Insights > Keeping the lights on for more than a century
Keeping the lights on for more than a century
Entergy Arkansas employees take pride in providing reliable service
When the power goes out, restoring it shines a spotlight on utility workers who jump into action, working to assess damage and make repairs as quickly as possible. It can be a difficult task, and one that Entergy Arkansas employees take pride in doing safely and successfully.
As Entergy Arkansas celebrates its 110th anniversary this year, lineworkers paused to reflect on the history of restoring power to customers throughout the state and beyond.
“The organization and logistics behind our storm bosses and crews is phenomenal. It all boils down to commitment by the workforce and their leaders. I have seen our response improve with each storm we encounter,” said Area Substation Supervisor David Dean, who has been with Entergy Arkansas over 41 years.
From tornadoes and ice storms to hurricanes and lightning storms, Arkansas has had its share of weather-related outages over the years. And no two storms are the same.
“Storm restoration has always been a dangerous time for utility workers and will continue to be for those to come. What I have seen on restorations is the detailed processes that have dramatically increased safety awareness,” Dean said.
Helping wherever needed
Through mutual assistance agreements, Entergy Arkansas crews go anywhere they are needed. Earlier this year, more than 80 workers went to Kentucky to restore power after storms caused major destruction.
Cory Culp, a serviceman who has worked in the industry for 27 years, was among those who went to Kentucky. As he was headed out, he took a few minutes to share some of the more memorable work trips he has had.
“The farthest I’ve gone is probably Tampa. We started in Meridian, Mississippi and worked our way all the way to Tampa. That took about 2 weeks,” Culp said.
Some trips created funny memories as well.
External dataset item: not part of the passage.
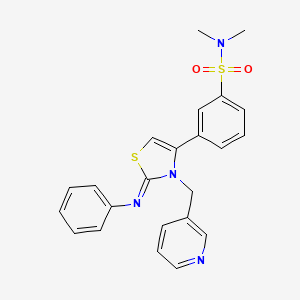 molecular formula C23H22N4O2S2 B12199117 N,N-dimethyl-3-[(2Z)-2-(phenylimino)-3-(pyridin-3-ylmethyl)-2,3-dihydro-1,3-thiazol-4-yl]benzenesulfonamide 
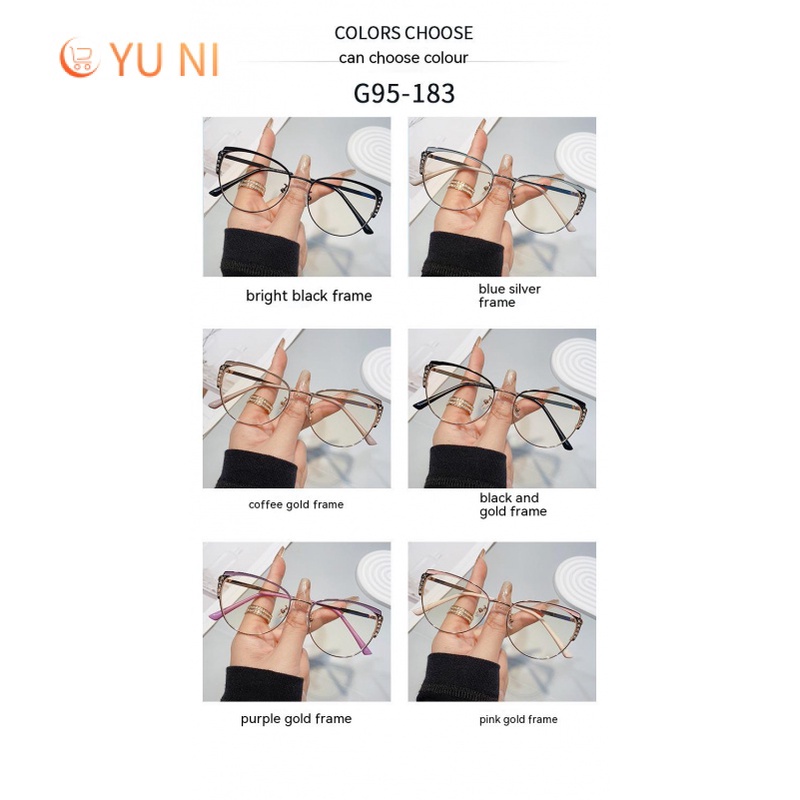 gọng kính kim loại kính chống ánh sáng xanh mắt kính đen mắt kính mắt mèo gọng mắt kính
“Once we were working somewhere in East Arkansas, and we went to a little restaurant in a small town. I guess we overwhelmed them because there were so many of us that the cook quit,” he recalled.
The waitress told the workers if they wanted to eat, they’d have to cook it themselves. So, that’s exactly what they did – taking orders, cooking and serving the meals to the tables.
Another memorable trip was when he was working in Texas after Hurricane Harvey. A substation had flooded, and Culp was tasked with leading the effort to restore power in one community.
“They flew in parts on a helicopter for us that day,” he said. “We did it all in one afternoon. From noon until five o’clock, we built the whole thing and got the town back on. That was pretty neat.”
With so many years of service, Dean has even more stories.
“There is one that has stuck with me since Hurricane Katrina,” Dean said. “We had been scouting the distribution circuits for days on end when this elderly couple stopped my partner and me as we were turning around. She had been trying to contact someone for days,” he explained. “They wanted to know why their power hadn’t come back when every single one around them had power. We had been scouting for that very reason and found a couple of trees were on a long lateral feed through the woods.
“We were able to get assistance from a vegetation crew to clear that up and get that one customer back,” he said. “They were so appreciative on something that during normal circumstances is just routine to the distribution line crews.”
Culp said one thing he and his crews sometimes do is a victory lap when they restore power to a neighborhood. It makes the crews feel good, as well as the customers.
“People come out and say thanks. They appreciate it,” he said. “I mean, it’s a blessing to be able to go and do something like that.”
It takes a special person to do what these guys do, and they consider themselves fortunate to be able to do it.
“It only seems like yesterday when I started in 1981. The technology it takes to do our everyday job has changed from manual, analog devices to power computers,” he said. “I am envious of the next generation of (workers), who will be working and learning all of the new ways to do things. I’ll even miss the excitement that comes with power restoration.”
“My career has been very rewarding and challenging, and I will miss my Entergy family whenever I do decide to retire. I hope they feel the same way I do about Entergy.”